EXERCISE AIM:
Pictures in the material below are to be left out, and only the lines from the line with "Women's embroidered rayon" up to and including the line with "KSQ PU Leather" are to be written out exactly.

(DATASET CONTENT begins)

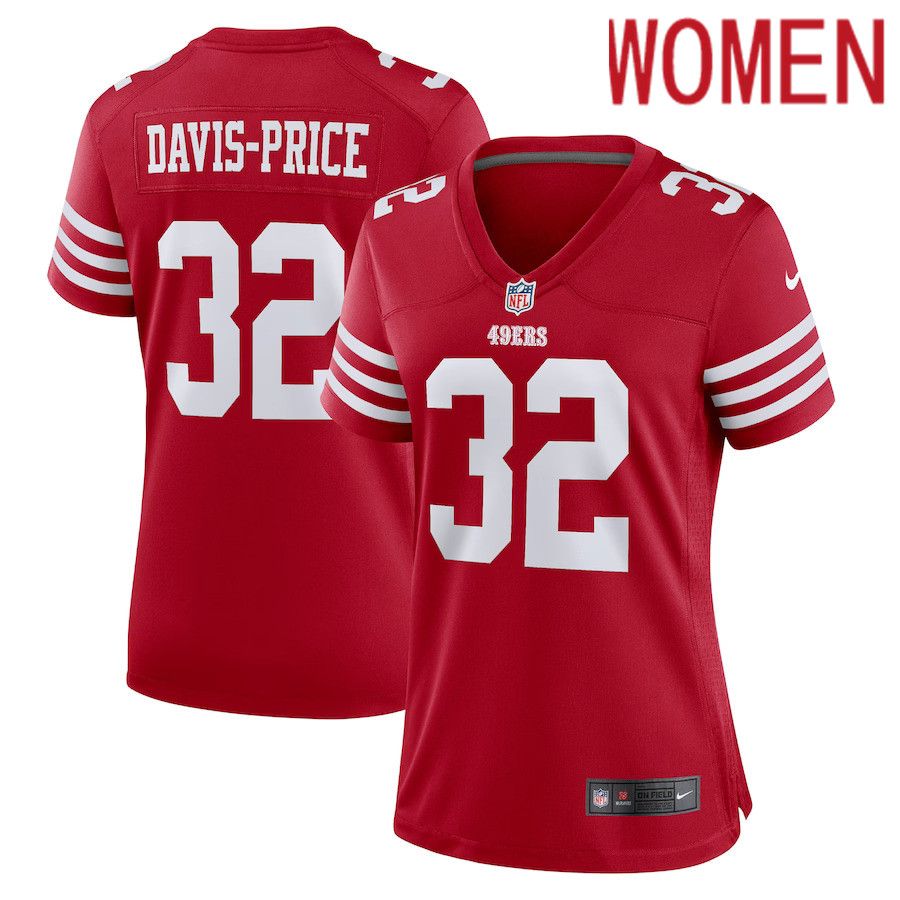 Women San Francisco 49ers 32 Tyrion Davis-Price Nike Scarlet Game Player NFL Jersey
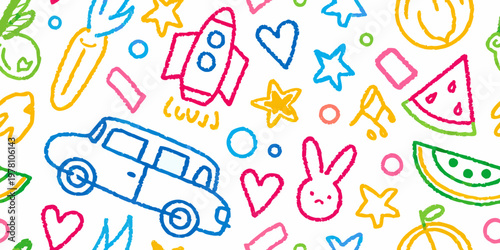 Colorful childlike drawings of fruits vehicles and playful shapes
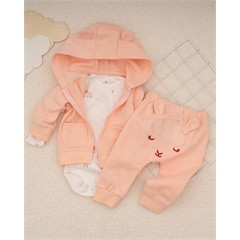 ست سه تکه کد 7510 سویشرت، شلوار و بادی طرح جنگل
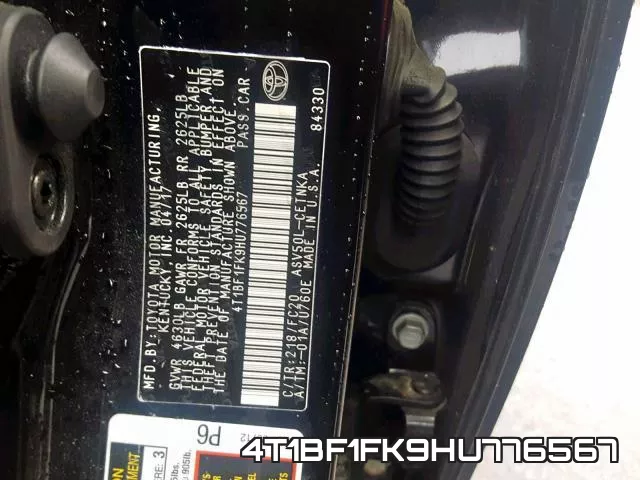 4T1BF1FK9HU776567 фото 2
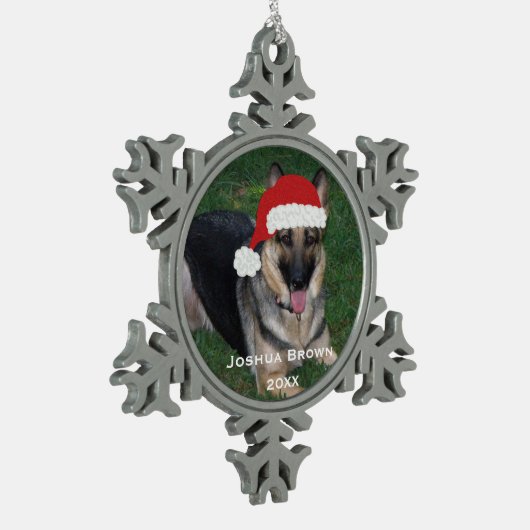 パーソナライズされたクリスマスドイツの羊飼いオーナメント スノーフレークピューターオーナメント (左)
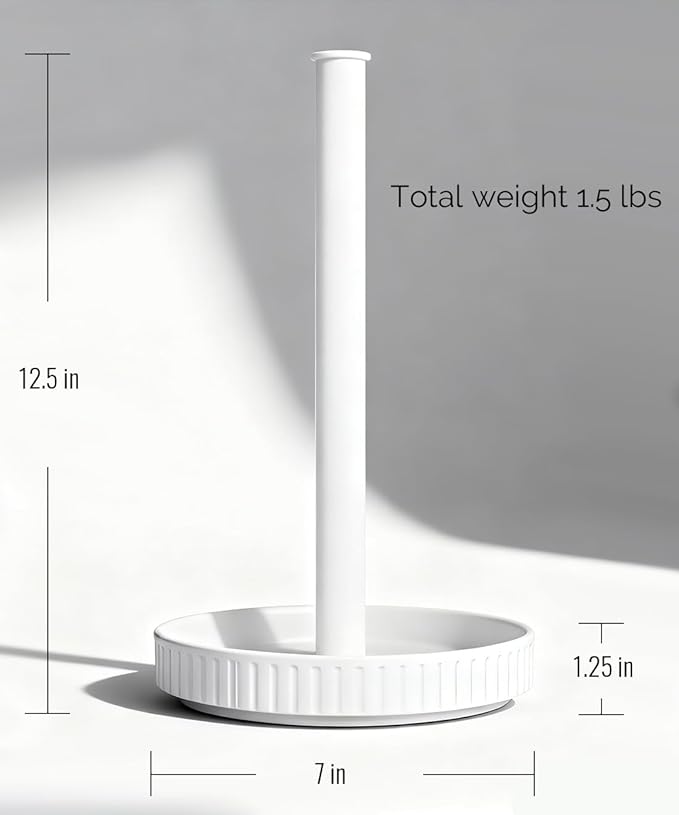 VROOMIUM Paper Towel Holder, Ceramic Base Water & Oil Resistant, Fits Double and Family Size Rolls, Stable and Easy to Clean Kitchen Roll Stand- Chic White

(DATASET CONTENT ends)
(DATASET CONTENT begins)

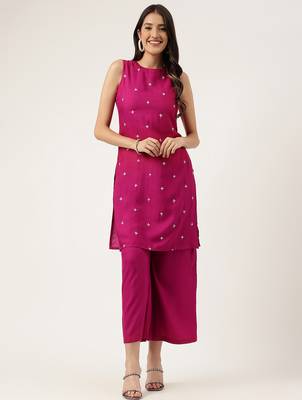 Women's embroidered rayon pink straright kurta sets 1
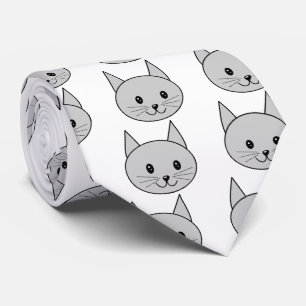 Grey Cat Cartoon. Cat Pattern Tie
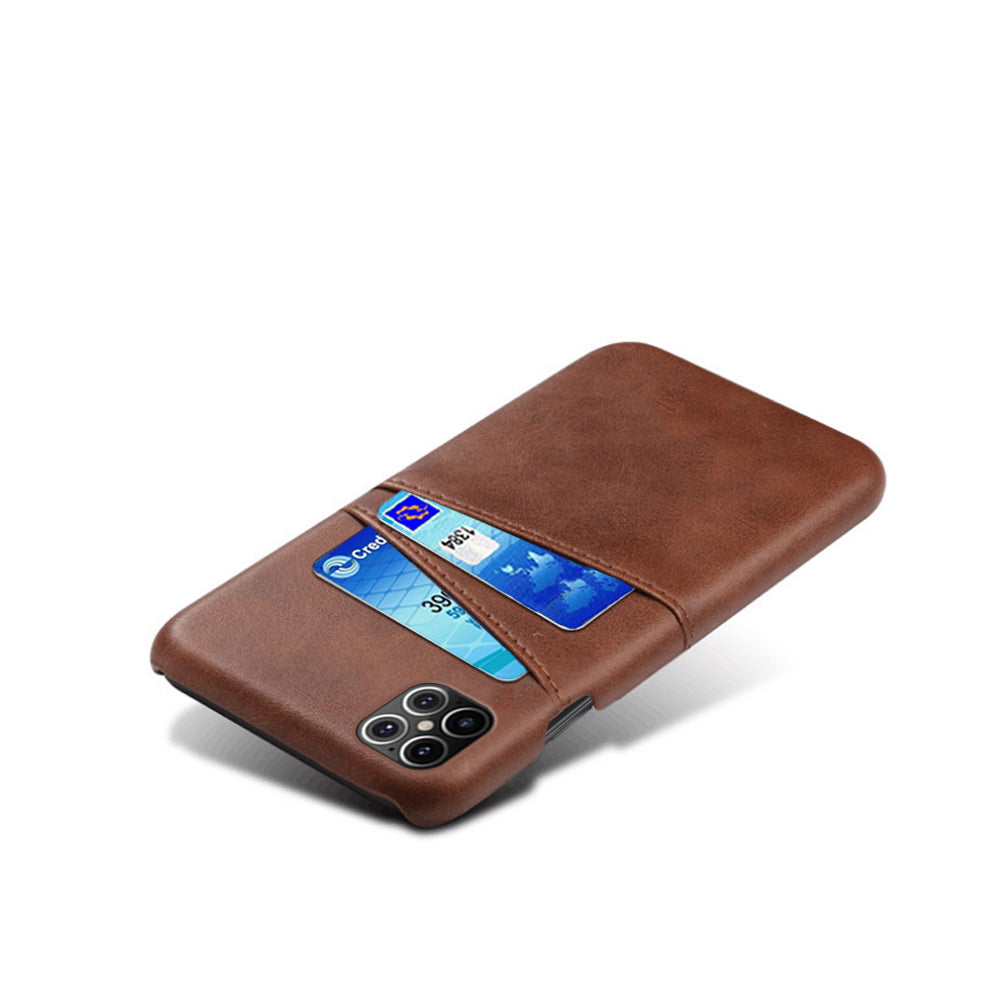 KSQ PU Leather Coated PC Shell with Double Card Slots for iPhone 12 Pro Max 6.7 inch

(DATASET CONTENT ends)
(DATASET CONTENT begins)

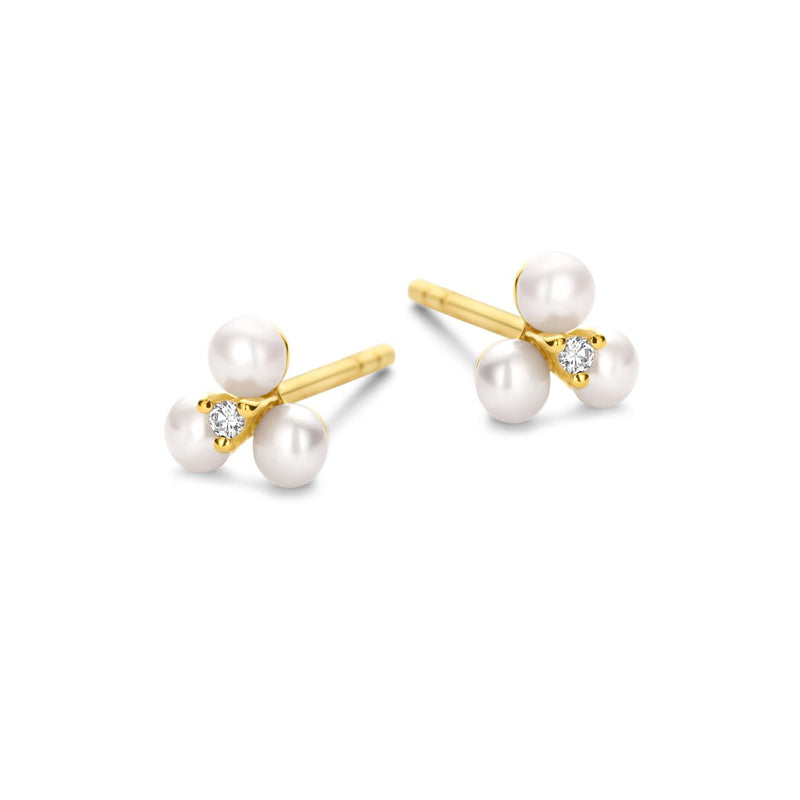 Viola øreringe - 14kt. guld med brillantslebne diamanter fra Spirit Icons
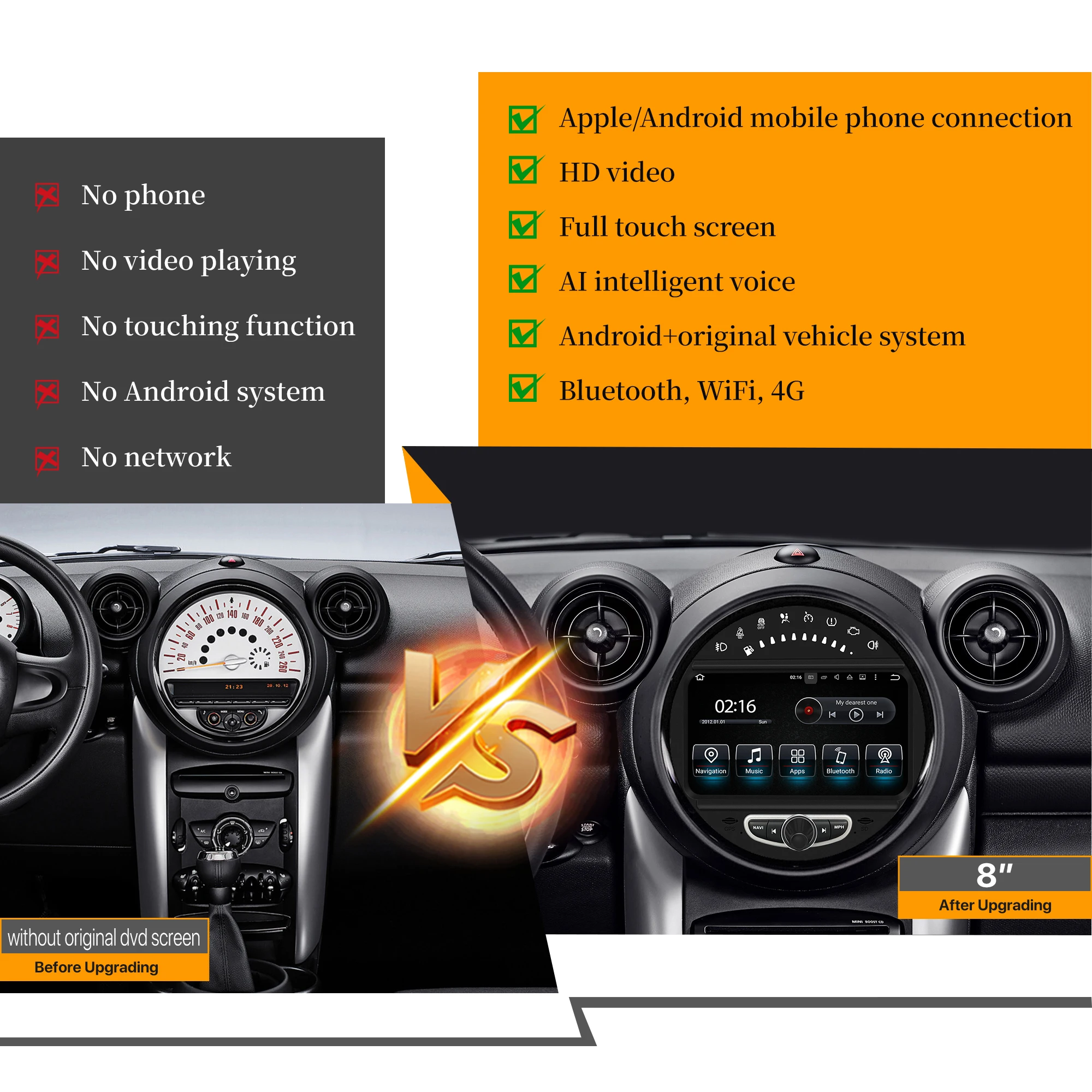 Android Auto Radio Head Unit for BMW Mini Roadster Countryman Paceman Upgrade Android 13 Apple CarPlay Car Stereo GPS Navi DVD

(DATASET CONTENT ends)

RESPONSE FOR THIS EXERCISE:
 Women's embroidered rayon pink straright kurta sets 1
 Grey Cat Cartoon. Cat Pattern Tie
 KSQ PU Leather Coated PC Shell with Double Card Slots for iPhone 12 Pro Max 6.7 inch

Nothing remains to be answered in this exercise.